Fast forward to high school. We had stopped going to church many many years before for some reason or another. I was happy with it because it meant I had my weekends back. Remember, we weren't a very religious family so going in the first place may have been an attempt to promote that kind of lifestyle and it just fell by the way side I'm not sure. Regardless, by this time in my life I had move into the realm of agnosticism. I wasn't quite sure there was a "God" but I wasn't so sure there wasn't. This was also a time when I started paying attention to the bigger world around me and how insignificant I truly was in the grand scheme of things. That's when the questioning started.
I was a smart kid growing up, I just got lazy in middle and high school (as my report cards will show) but my capacity for critical thinking was still ever prevalent. Remember I was absolutely enamored with dinosaurs.. to this day even. I think that was my first "hrmm" moment. The dinosaurs, great beasts that roamed the planet eons before man was even a twinkle in the evolutionary eye, weren't in the bible. Apologists will say they are and will quote passages like (Job 40:15-24) which describes Behemoth. The only questionable description about behemoth is that its tail sways like cedar, this could be metaphorical as the rest of the description fits other beasts like an elephant or hippo. Leviathan ( Job 41:1-34) Seems to describe a sea monster or dragon though this could also be an over exaggerated description of a large shark or a whale. The evidence just isn't there to prove either and on top of that they only describe one kind of animal. You would think with all the species of dinosaurs there would be more accounts and more descriptions. Hell the book even says Adam and Eve named all the animals in an afternoon. It just didn't add up.

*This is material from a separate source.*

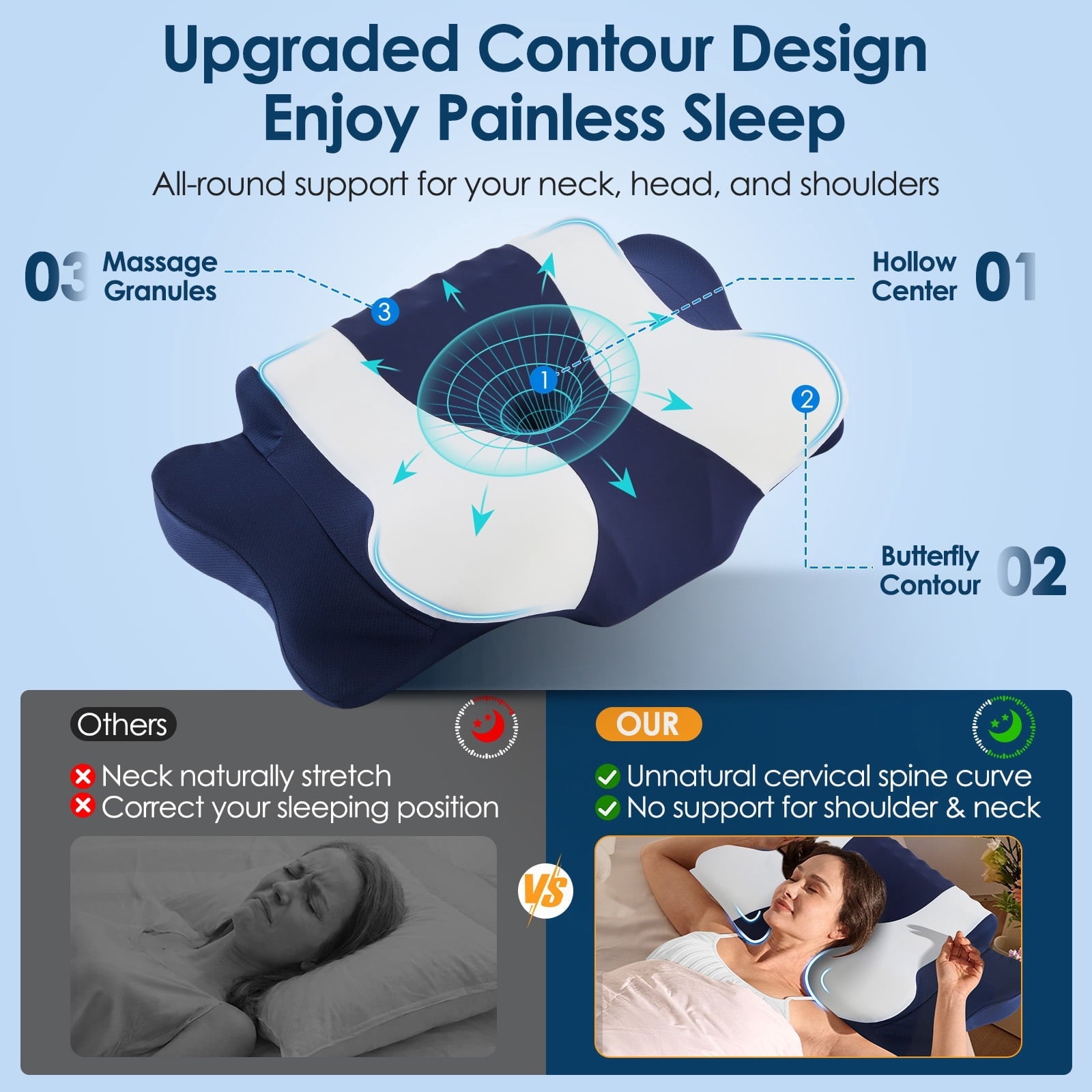 Ergonomic Memory Foam Cervical Neck Pillow for Pain Relief Sleeping, Memory Foam Pillow Neck Pillow Bed Pillow with Pillowcase for Side Bac... - Hotel Quality Plush Sleeping Pillows Detail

After jumping on that issue it made me think what else doesn't make sense in the bible. If Adam and Eve were the first and only people on the planet, and they had two sons... where'd everyone else come from? Oh then it says they had some daughters and sure, Cain married his sister, but still that's not enough people to populate the planet. If Mary had a virgin birth... could it be in the realm of possibility that maybe she was raped and didn't want to get stoned to death (as was customary at the time) so she made up the story? Or was the virgin birth the first written account of two people getting black out drunk, sleeping together and not remembering it? There were too many questions that didn't have answers. The list of inconsistencies goes on and on so I wont go into too much detail here. Maybe another blog.
After high school I entered my "I'm on my own I'm gonna do whatever the fuck i want phase" Partying, drinking, drugs.. they were my past times. I was basically working to pay for my next adventure in debauchery. My views on anything else were basically non existent for many years but then I slowed down and came back to the real world (and subsequently smacked my self for being so stupid). I then started looking at the world around me again and the suffering and pain some people go through. That's when by chance I found Epicurus. One quote in particular really struck a chord with me and most likely was the proverbial nail in the coffin of my religious beliefs.
“Is God willing to prevent evil, but not able? Then he is not omnipotent.
Is he both able and willing? Then whence cometh evil?
Is he neither able nor willing? Then why call him God?”
Once I completely stopped believing in blind faith and started questioning things the flood gates were open. So here I am, I'm an Atheist and I'm free. Being an Atheist doesn't come without its own issues though of course. I now see a whole new side of discrimination throughout the world and its opened my eyes to the breadth and depth of deplorable religious actions taking place on a daily basis. That's not to say there isn't religious good in the world so don't misunderstand me. Those topics though are for another time.